News Feature

Blue Hill
Originally published in The Weekly Packet, November 14, 2013
Small parade highlights Veterans Day in Blue Hill

Blue Hill Veterans Day parade

The Veterans Day parade—with a cadre of military vehicles and waving veterans—makes its way through downtown Blue Hill on Monday, November 11.

Photo by Faith DeAmbrose Order prints of selected PBP photos.

by Faith DeAmbrose

A handful of veterans gathered at Blue Hill’s Duffy-Wescott American Legion Post #85 to participate in the first ever (at least in recent memory) Veterans Day parade held in town. Flanked by fire trucks on each end, a half dozen military vehicles left the legion hall, traveled through the village and then returned. Dozens of spectators lined the streets.

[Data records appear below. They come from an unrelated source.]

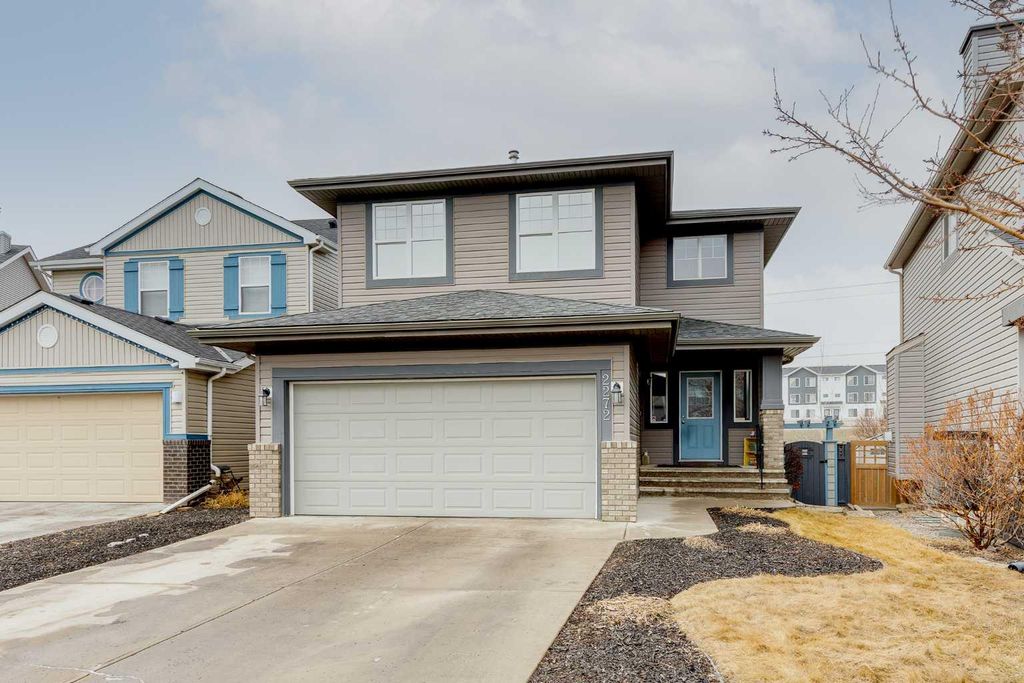 Photo of 2272 Sagewood Heights SW, Airdrie, AB T4B 3N8 (MLS # A2296034)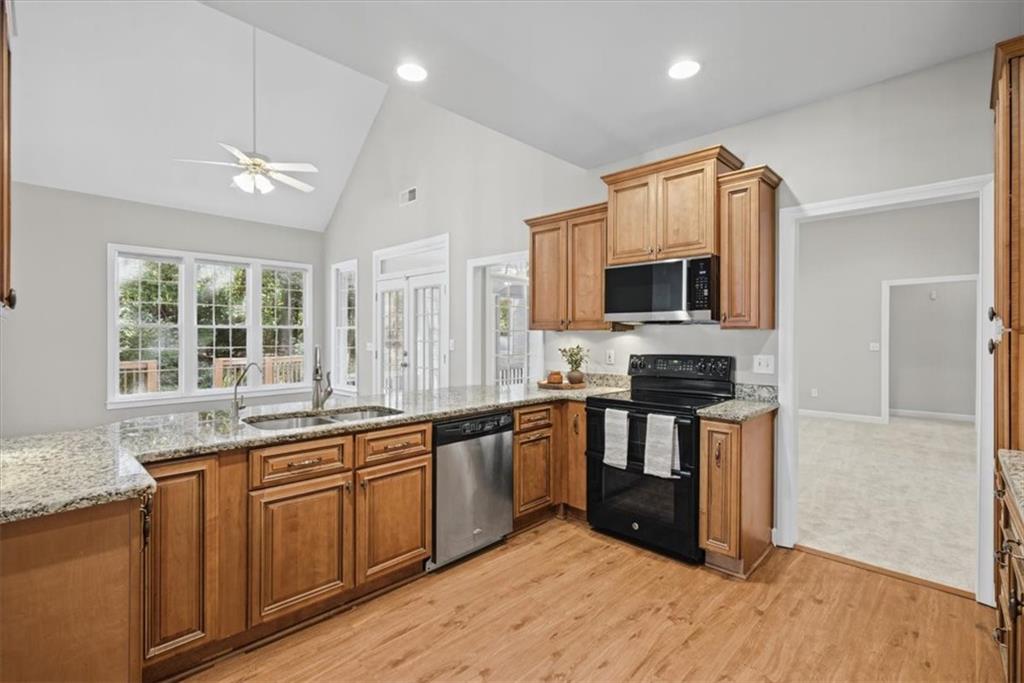63 Wilderness Camp Road SE White GA 30184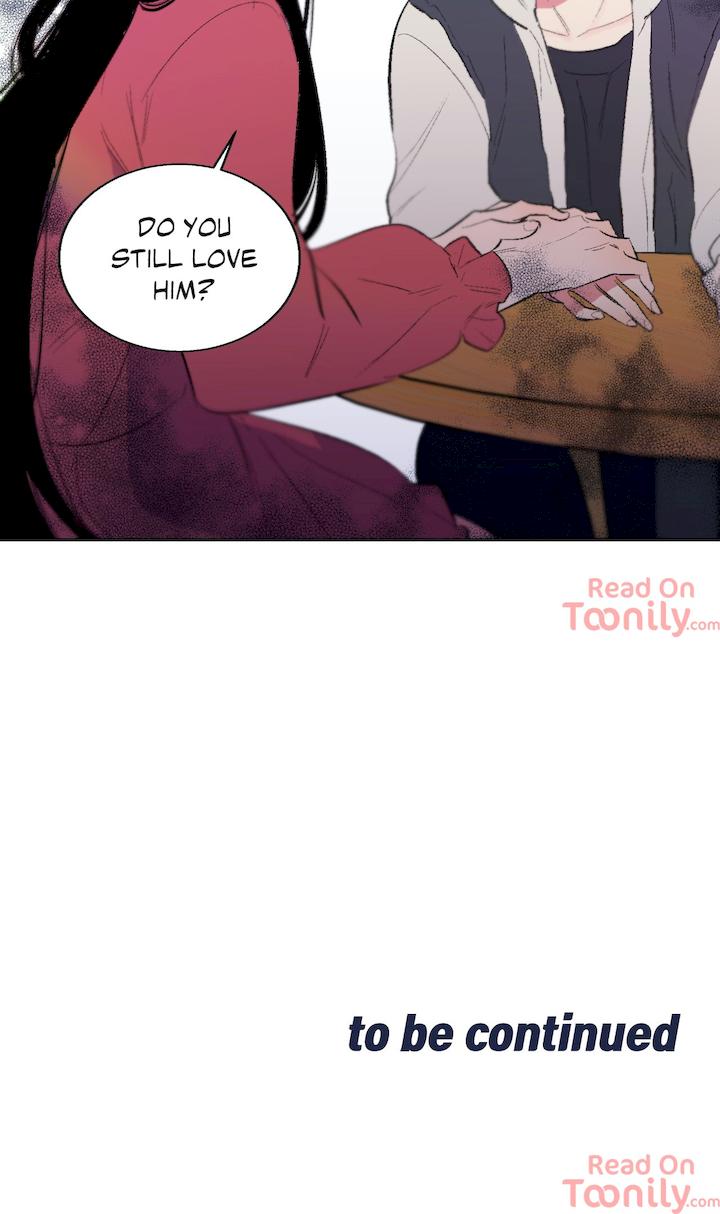 Secret Alliance Chapter 20 - Page 30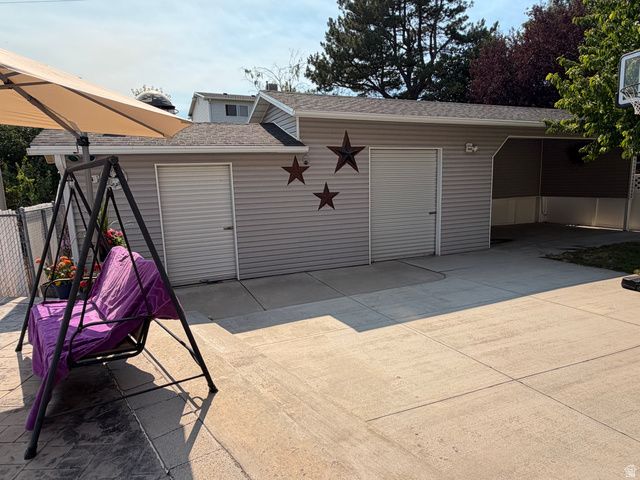 3793 S 650 W, Riverdale, UT 84405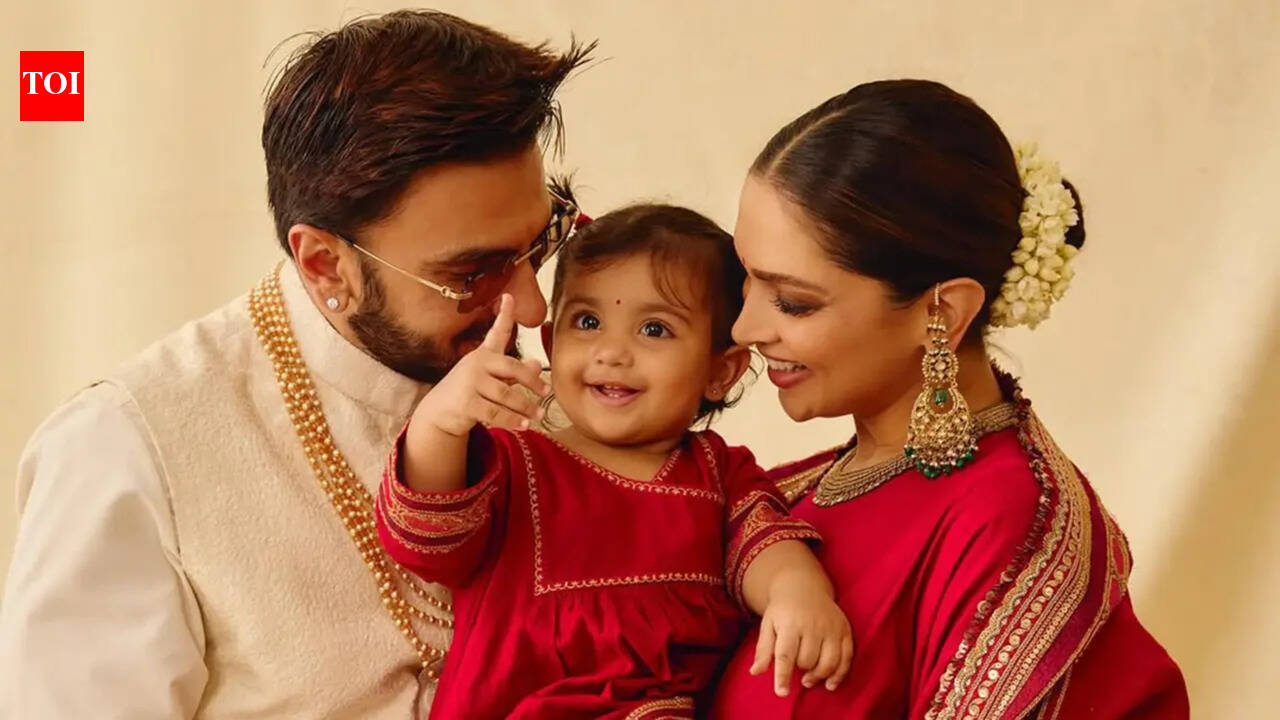 Meet Dua Padukone Singh: Deepika Padukone and Ranveer Singh’s little 'prayer’ and heiress to a Rs 1000 crore legacy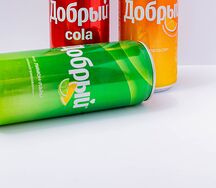 Добрый апельсин 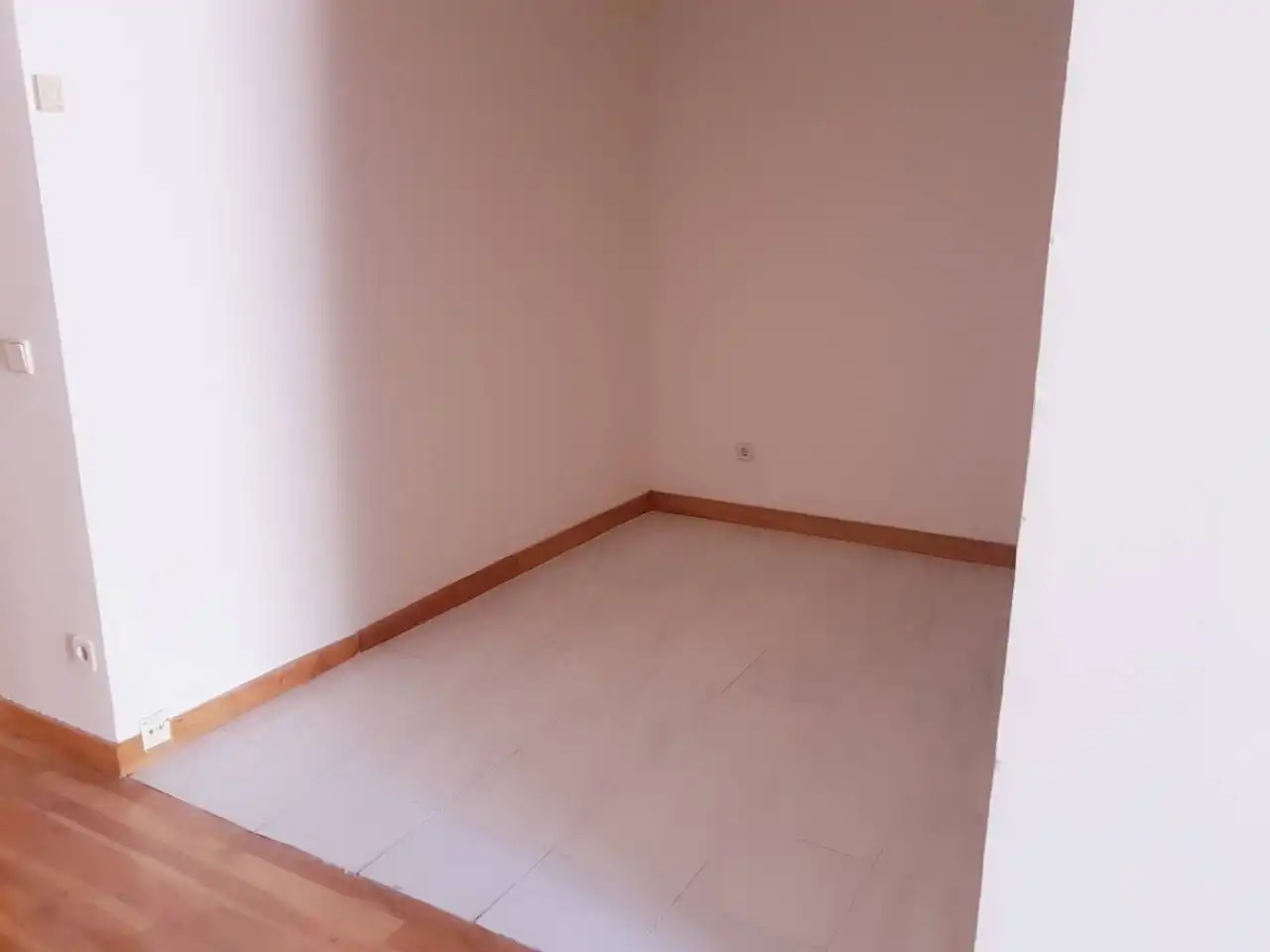 Bedroom of Office for rent in Pozuelo de Alarcón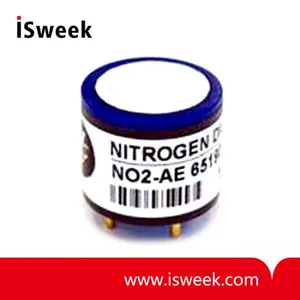 NO2-AE High Concentration Nitrogen Dioxide Sensor (NO2 Sensor) thumbnail-1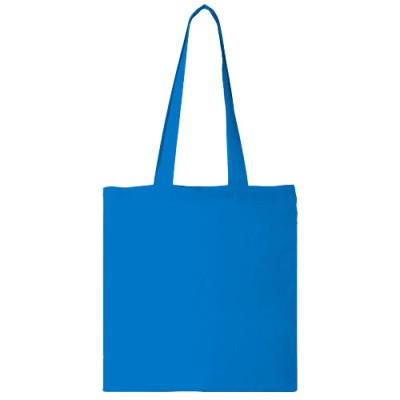 Shopper in cotone 100 g/m² Carolina - 7L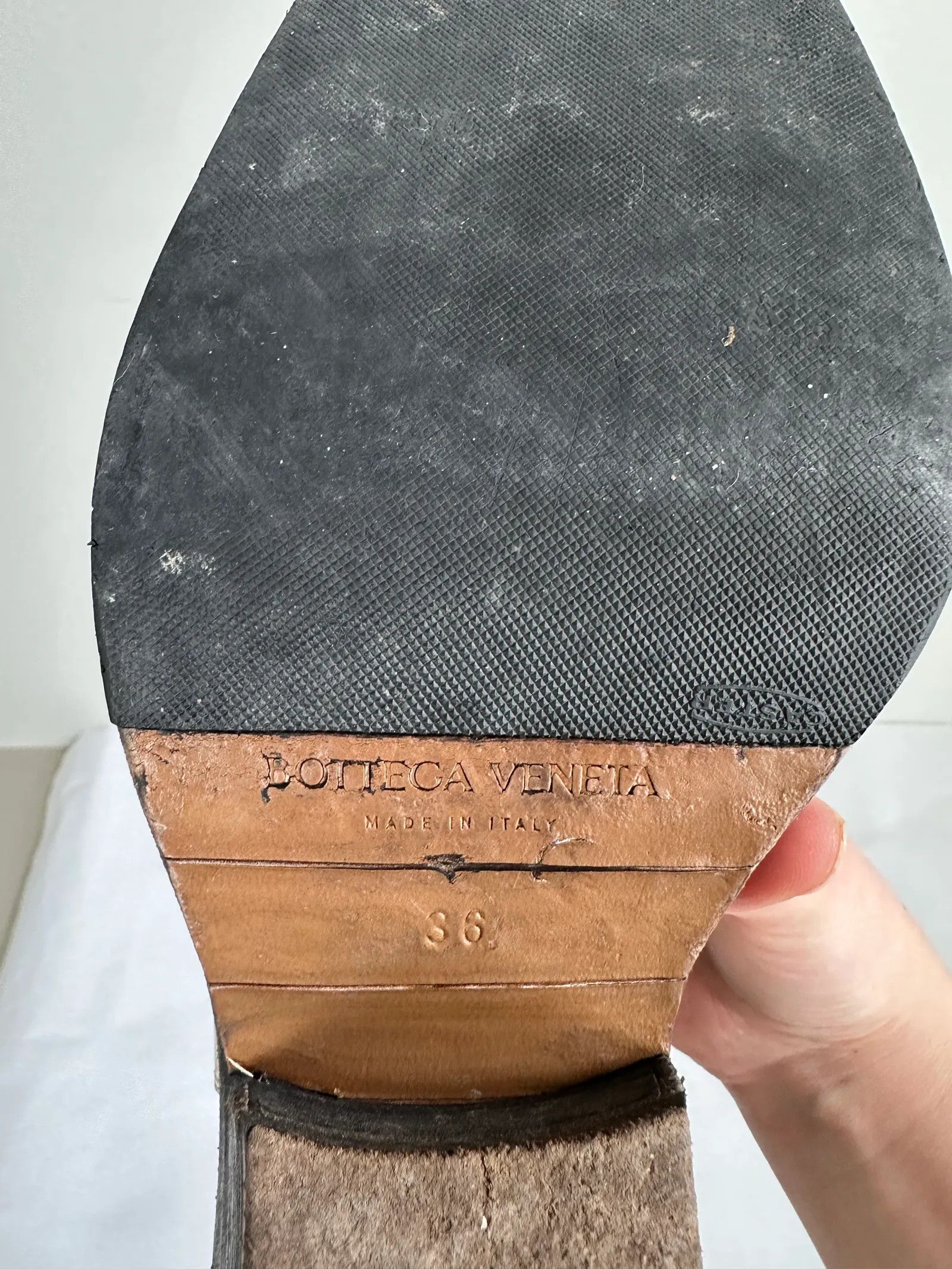 Bottega Veneta Bottega Veneta Boots Size US 6 / IT 36 - 3 Thumbnail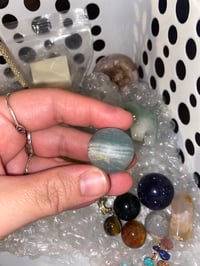 Image 2 of Blue Onyx 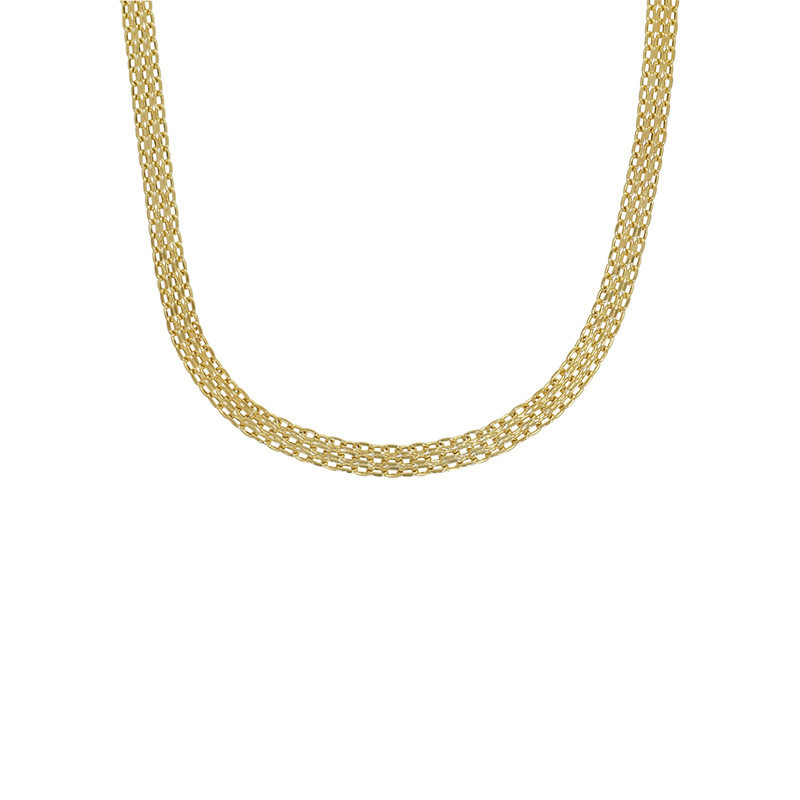 Lant, Aur Galben, 14 k, 4.91 gr, Cod Produs: 785457 - Tezaurshop.ro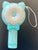 Hand-Held Mini Fan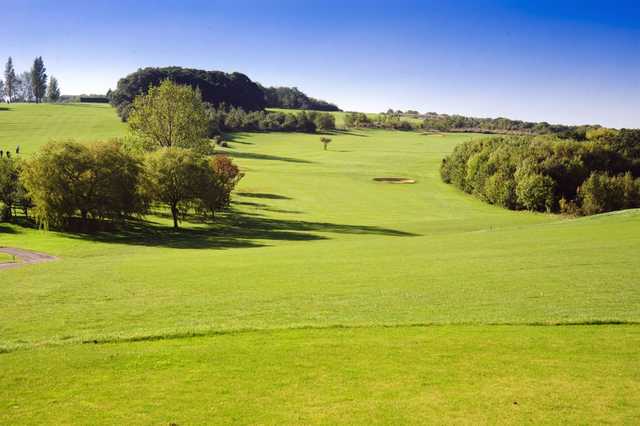 Chestfield Golf Club - photo 2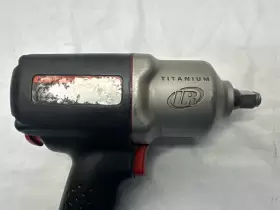 IR236 INGERSOLL RAND Drive Impact Air Wrench Pmax #2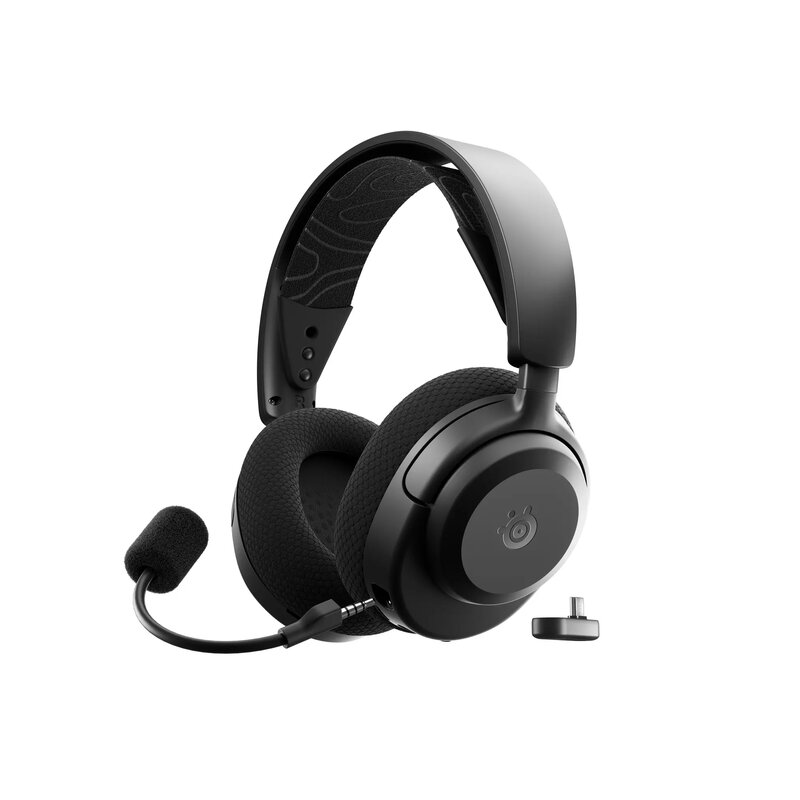 SteelSeries Arctis Nova 3P Wireless (PC/PS5)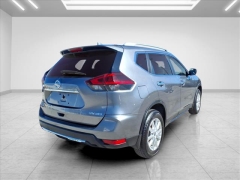 Used 2018  Nissan Rogue 4d SUV AWD SV at Best Choice Motors near Lafayette&comma; IN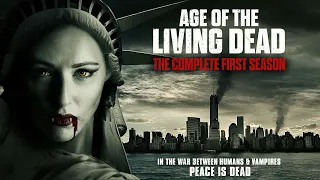 Age Of The Living Dead - BEST Action Movie Hollywood English 2024 | New Hollywood Action Movie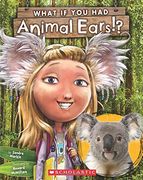 What If You Had Animal Ears? (en Inglés)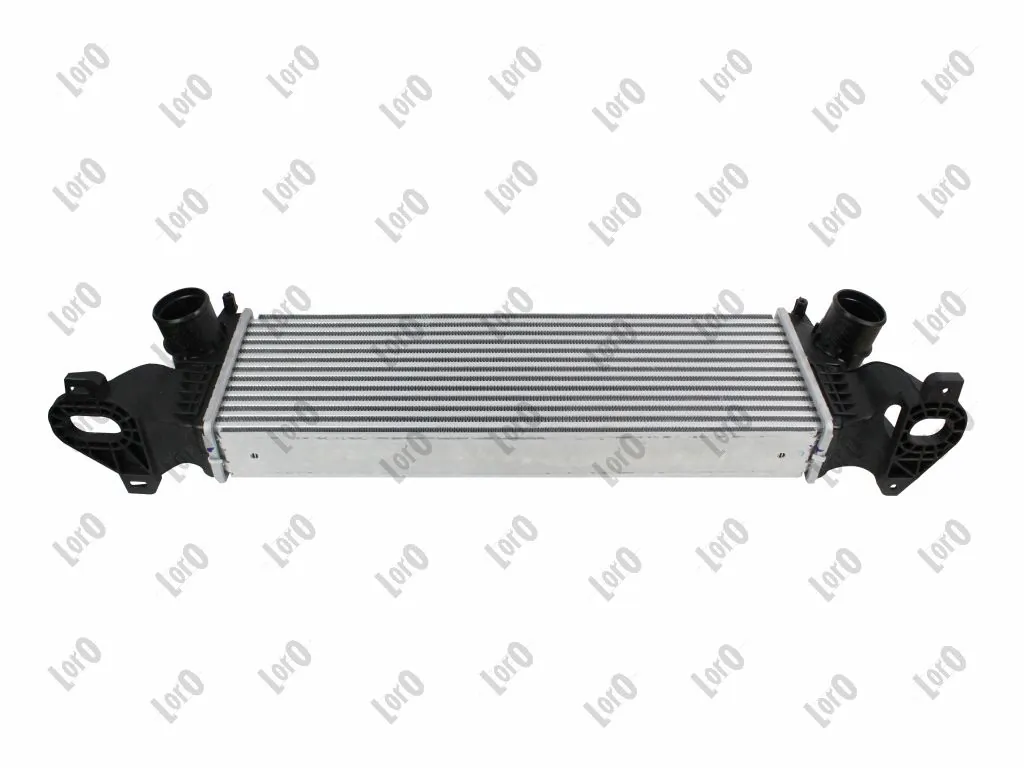 Radiador de aire de admisión Iveco Daily VI furgoneta (2014 - 2026) precio, desde 142,30 EUR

The observance began with words from the Rev. Rob McCall of the First Congregational Church of Blue Hill. He directed the words to veterans, their spouses and children—“all who have paid the cost of war.” Reading from a book published in 1918 “after the First World War,” he shared a number of entries aimed at defining war and its impact on a community.

The idea to hold the parade came from Blue Hill resident Chris Niehoff—a military enthusiast whose parents were both veterans, explained Reggie Nevells of the American Legion, adding that it was deemed a success and the organization will hold another parade next year. “Next year we hope to make it larger; hope more veterans will join,” said Nevells, adding that the climate supporting veterans has increased dramatically during the last few decades. “Veterans get a lot more recognition than they used to,” he said, “so we might as well keep pushing that forward.”

Rev. Rob McCall on Veterans Day

The Rev. Rob McCall of the First Congregational Church of Blue Hill addresses those in attendance at Blue Hill’s Veterans Day parade.

Photo by Faith DeAmbrose
Blue Hill Veterans Day parade

The Veterans Day parade—with a cadre of military vehicles and waving veterans—makes its way through downtown Blue Hill on Monday, November 11.